Lors des Assises de la sécurité qui se sont tenues du 9 au 12 octobre dernier, Guillaume Poupard, directeur général de l’Agence nationale pour la sécurité des systèmes informatiques (Anssi) s'inquiétait de cette nouvelle tendance. "A force de sécuriser les grands groupes, les attaquants passent de plus en plus par les fournisseurs ou les sous-traitants qui ont un accès privilégié à leurs systèmes d’information". 

Si la France a pris de nombreuses mesures pour accompagner les entreprises (voire en contraindre certaines, notamment les opérateurs d'intérêt vital) dans leur sécurisation face à des attaques toujours plus nombreuses et sophistiquées, le gouvernement entend aller plus loin pour contrecarrer les cyber-attaques visant les "maîtres d'oeuvre industriels" à travers leurs sous-traitants.

La ministre des Armées Florence Parly doit ainsi signer ce jeudi avec huit de ces groupes (Airbus, ArianeGroup, MBDA, Nexter, Safran, Thalès, Dassault et Naval Group), une convention d'une durée de trois ans.

Il y avait la "nécessité" d'un "engagement plus fort des différentes parties, pour échanger les données, les bonnes pratiques, prendre en compte la chaîne de sous-traitance", explique l'entourage de Florence Parly cité par l'AFP. Cette "convention" se veut un "pas en avant assez conséquent".

Faibles ressources allouées à la sécurité informatique

"Certains maîtres d'oeuvre industriels ne se soucient pas suffisamment de leur sous-traitants et de la manière dont ils traitent les données sensibles", pointe-t-on à l'Hôtel de Brienne, "sans généraliser".

"Depuis quelques années, les grandes entreprises ont considérablement investi dans des solutions de sécurité informatique renforcées et perfectionnées, rendant les intrusions plus difficiles à mener.

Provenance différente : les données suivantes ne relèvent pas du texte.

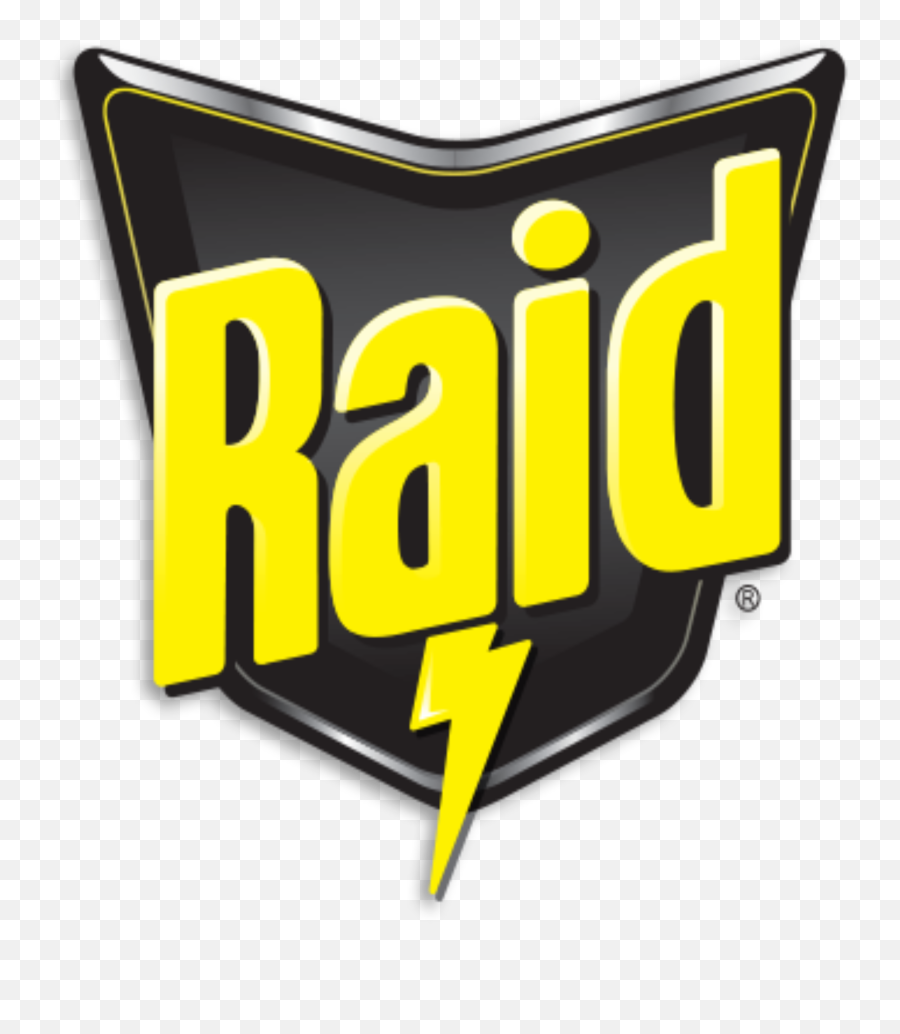 Trending Raid Stickers - Raid Emoji,Raid Emoji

Ces entreprises sous-traitent beaucoup à de petites et moyennes entreprises (PME) avec lesquelles elles vont échanger des données confidentielles. Mais ces PME ne disposent souvent pas des mêmes dispositifs de cybersécurité que leurs clients : c’est dans cette brèche que vont s’infiltrer les pirates. Les PME sont ainsi particulièrement visées par les cyberattaques en raison de faibles ressources allouées à la sécurité informatique. Ce qui, en plus d’augmenter leur vulnérabilité, rallonge le temps de détection d’une attaque", confirme Alexandra Alguazil, Partner Account Manager France chez Avast (éditeur de sécurité). 

Partager les informations

La convention doit "permettre un partage plus unifié des informations, plus de réactivité aussi", et prévoit notamment des entraînements et exercices communs pour tester le processus de gestion de crise, indique le cabinet de la ministre. "Le champ d'application de cette convention dépasse ce qui existe aujourd'hui, qui est construit assez largement sur la sécurité des systèmes d'information (SSI), ce qui est un petit peu daté et un peu dépassé par rapport aux capacités des attaquants et aux menaces actuelles."

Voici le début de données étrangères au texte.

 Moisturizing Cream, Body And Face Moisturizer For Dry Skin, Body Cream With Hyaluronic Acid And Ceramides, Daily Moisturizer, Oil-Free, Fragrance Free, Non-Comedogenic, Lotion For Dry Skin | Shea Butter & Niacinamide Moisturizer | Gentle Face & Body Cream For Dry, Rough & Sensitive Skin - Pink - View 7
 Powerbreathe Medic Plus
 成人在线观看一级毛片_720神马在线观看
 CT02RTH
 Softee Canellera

"Il faut basculer dans le monde de la cyberdéfense, qui est beaucoup plus large que la SSI", poursuit la même source. "C'est quelque chose que nous avons fait au ministère des Armées, c'était l'objectif de la création du commandement militaire de la cyberdéfense", (Comcyber) dont le centre de commandement a été inauguré début octobre à Rennes. "On constate qu'il est nécessaire que tous nos partenaires le fassent aussi. C'est une chaîne, le niveau de protection est bon si tous les maillons sont bons."

La cyberdéfense a été érigée au rang de "priorité absolue du ministère des Armées" par Florence Parly, et la Loi de programmation militaire (LPM) 2019-2025 prévoit le recrutement par les armées de 1000 cybercombattants supplémentaires pour atteindre un effectif de 4000 personnes d'ici sept ans.